▶ _Given information_
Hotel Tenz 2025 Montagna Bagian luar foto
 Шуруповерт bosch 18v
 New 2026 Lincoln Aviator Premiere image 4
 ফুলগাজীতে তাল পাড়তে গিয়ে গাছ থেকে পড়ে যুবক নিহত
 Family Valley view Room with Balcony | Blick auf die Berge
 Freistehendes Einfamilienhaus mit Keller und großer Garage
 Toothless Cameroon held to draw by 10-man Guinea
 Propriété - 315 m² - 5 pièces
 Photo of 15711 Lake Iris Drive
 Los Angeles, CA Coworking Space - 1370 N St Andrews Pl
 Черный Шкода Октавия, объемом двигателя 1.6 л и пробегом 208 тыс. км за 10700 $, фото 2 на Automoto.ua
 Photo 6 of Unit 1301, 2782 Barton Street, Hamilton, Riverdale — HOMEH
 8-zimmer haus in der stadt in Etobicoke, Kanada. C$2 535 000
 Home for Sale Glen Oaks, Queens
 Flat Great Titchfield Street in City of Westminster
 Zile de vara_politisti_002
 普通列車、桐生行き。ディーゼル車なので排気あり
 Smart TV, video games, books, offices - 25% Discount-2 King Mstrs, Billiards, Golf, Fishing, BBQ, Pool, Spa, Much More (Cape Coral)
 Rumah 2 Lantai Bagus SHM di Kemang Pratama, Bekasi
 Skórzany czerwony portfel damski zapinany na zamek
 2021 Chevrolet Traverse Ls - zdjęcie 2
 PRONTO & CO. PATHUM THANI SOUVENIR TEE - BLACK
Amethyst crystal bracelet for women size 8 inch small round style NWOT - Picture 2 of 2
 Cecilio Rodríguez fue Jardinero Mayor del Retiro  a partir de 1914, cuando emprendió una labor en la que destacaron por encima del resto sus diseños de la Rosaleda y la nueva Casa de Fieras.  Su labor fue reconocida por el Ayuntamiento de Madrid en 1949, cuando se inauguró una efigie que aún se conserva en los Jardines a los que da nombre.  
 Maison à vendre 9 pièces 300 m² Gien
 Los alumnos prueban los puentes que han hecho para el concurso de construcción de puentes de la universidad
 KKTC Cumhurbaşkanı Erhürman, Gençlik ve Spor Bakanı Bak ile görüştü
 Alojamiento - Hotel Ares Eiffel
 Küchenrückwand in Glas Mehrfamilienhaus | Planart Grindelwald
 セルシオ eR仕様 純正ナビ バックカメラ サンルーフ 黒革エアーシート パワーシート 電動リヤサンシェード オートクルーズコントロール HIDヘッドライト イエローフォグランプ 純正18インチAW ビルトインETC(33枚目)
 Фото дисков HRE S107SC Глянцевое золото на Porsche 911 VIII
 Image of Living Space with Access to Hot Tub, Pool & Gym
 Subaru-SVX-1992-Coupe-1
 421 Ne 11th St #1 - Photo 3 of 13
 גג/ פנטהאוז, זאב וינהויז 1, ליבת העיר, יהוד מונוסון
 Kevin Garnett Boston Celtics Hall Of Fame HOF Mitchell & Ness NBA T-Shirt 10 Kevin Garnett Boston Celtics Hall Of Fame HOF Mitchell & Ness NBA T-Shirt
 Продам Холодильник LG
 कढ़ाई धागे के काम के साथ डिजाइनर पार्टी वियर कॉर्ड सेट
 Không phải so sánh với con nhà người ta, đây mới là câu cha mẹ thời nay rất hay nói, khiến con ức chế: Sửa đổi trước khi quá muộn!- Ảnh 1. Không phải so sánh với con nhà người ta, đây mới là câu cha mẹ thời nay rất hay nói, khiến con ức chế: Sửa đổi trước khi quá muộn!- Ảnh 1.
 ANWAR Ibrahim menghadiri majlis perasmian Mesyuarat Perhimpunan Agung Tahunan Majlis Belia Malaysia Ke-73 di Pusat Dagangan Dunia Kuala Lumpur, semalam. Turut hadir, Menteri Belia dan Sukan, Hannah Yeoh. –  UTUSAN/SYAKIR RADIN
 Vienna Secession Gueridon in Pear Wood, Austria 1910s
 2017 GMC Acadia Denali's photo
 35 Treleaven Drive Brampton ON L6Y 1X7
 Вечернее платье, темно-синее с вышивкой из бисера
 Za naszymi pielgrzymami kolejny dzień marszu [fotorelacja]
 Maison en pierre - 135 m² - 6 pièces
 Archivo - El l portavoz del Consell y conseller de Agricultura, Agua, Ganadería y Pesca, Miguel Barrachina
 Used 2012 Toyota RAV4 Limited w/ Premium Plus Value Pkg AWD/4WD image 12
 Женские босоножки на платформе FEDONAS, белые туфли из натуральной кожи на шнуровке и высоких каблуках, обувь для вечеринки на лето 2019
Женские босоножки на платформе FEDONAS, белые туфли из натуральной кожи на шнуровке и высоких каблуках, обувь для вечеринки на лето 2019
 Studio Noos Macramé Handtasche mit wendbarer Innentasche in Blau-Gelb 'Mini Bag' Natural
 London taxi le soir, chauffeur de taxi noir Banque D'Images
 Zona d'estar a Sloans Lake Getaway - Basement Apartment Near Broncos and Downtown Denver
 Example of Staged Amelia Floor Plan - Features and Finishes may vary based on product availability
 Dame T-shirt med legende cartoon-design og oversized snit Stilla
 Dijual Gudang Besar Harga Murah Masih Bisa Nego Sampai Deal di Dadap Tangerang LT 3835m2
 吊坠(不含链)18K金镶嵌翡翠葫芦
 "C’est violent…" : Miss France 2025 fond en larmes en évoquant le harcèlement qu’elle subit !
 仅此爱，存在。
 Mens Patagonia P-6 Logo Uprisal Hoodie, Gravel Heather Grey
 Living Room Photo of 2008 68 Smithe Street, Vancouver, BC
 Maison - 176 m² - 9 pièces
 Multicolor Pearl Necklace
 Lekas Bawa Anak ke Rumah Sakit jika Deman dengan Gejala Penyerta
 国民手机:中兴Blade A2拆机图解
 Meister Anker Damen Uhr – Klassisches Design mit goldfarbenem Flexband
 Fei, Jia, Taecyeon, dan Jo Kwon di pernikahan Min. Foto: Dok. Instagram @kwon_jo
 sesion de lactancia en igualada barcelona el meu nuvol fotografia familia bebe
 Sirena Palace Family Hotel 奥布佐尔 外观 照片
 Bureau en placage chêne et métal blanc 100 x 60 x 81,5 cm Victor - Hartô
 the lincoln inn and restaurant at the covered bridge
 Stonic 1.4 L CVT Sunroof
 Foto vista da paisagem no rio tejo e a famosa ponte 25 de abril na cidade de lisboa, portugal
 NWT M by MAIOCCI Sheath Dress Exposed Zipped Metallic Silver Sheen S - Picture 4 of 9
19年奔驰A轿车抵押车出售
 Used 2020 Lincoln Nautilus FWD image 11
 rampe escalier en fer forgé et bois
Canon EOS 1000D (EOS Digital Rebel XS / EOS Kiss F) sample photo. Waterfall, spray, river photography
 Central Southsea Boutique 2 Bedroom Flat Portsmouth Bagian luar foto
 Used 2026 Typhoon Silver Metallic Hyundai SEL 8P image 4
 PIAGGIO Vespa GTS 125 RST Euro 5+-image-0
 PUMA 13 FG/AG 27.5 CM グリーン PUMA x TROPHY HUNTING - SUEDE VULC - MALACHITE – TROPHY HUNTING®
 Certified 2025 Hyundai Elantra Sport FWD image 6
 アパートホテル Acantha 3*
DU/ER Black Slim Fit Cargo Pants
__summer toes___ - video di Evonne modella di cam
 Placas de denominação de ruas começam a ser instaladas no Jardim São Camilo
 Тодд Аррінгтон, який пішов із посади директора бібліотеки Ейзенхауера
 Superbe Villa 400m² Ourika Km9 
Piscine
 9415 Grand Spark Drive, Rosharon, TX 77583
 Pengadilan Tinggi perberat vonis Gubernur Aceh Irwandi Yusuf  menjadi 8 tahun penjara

▶ _What needs to be done_
In the listing above, find the line containing "Smart TV, video" and the line containing "Ảnh 1. Không", then quote both, plus every line between them, exactly as written.

▶ _Response area_
 Smart TV, video games, books, offices - 25% Discount-2 King Mstrs, Billiards, Golf, Fishing, BBQ, Pool, Spa, Much More (Cape Coral)
 Rumah 2 Lantai Bagus SHM di Kemang Pratama, Bekasi
 Skórzany czerwony portfel damski zapinany na zamek
 2021 Chevrolet Traverse Ls - zdjęcie 2
 PRONTO & CO. PATHUM THANI SOUVENIR TEE - BLACK
Amethyst crystal bracelet for women size 8 inch small round style NWOT - Picture 2 of 2
 Cecilio Rodríguez fue Jardinero Mayor del Retiro  a partir de 1914, cuando emprendió una labor en la que destacaron por encima del resto sus diseños de la Rosaleda y la nueva Casa de Fieras.  Su labor fue reconocida por el Ayuntamiento de Madrid en 1949, cuando se inauguró una efigie que aún se conserva en los Jardines a los que da nombre.  
 Maison à vendre 9 pièces 300 m² Gien
 Los alumnos prueban los puentes que han hecho para el concurso de construcción de puentes de la universidad
 KKTC Cumhurbaşkanı Erhürman, Gençlik ve Spor Bakanı Bak ile görüştü
 Alojamiento - Hotel Ares Eiffel
 Küchenrückwand in Glas Mehrfamilienhaus | Planart Grindelwald
 セルシオ eR仕様 純正ナビ バックカメラ サンルーフ 黒革エアーシート パワーシート 電動リヤサンシェード オートクルーズコントロール HIDヘッドライト イエローフォグランプ 純正18インチAW ビルトインETC(33枚目)
 Фото дисков HRE S107SC Глянцевое золото на Porsche 911 VIII
 Image of Living Space with Access to Hot Tub, Pool & Gym
 Subaru-SVX-1992-Coupe-1
 421 Ne 11th St #1 - Photo 3 of 13
 גג/ פנטהאוז, זאב וינהויז 1, ליבת העיר, יהוד מונוסון
 Kevin Garnett Boston Celtics Hall Of Fame HOF Mitchell & Ness NBA T-Shirt 10 Kevin Garnett Boston Celtics Hall Of Fame HOF Mitchell & Ness NBA T-Shirt
 Продам Холодильник LG
 कढ़ाई धागे के काम के साथ डिजाइनर पार्टी वियर कॉर्ड सेट
 Không phải so sánh với con nhà người ta, đây mới là câu cha mẹ thời nay rất hay nói, khiến con ức chế: Sửa đổi trước khi quá muộn!- Ảnh 1. Không phải so sánh với con nhà người ta, đây mới là câu cha mẹ thời nay rất hay nói, khiến con ức chế: Sửa đổi trước khi quá muộn!- Ảnh 1.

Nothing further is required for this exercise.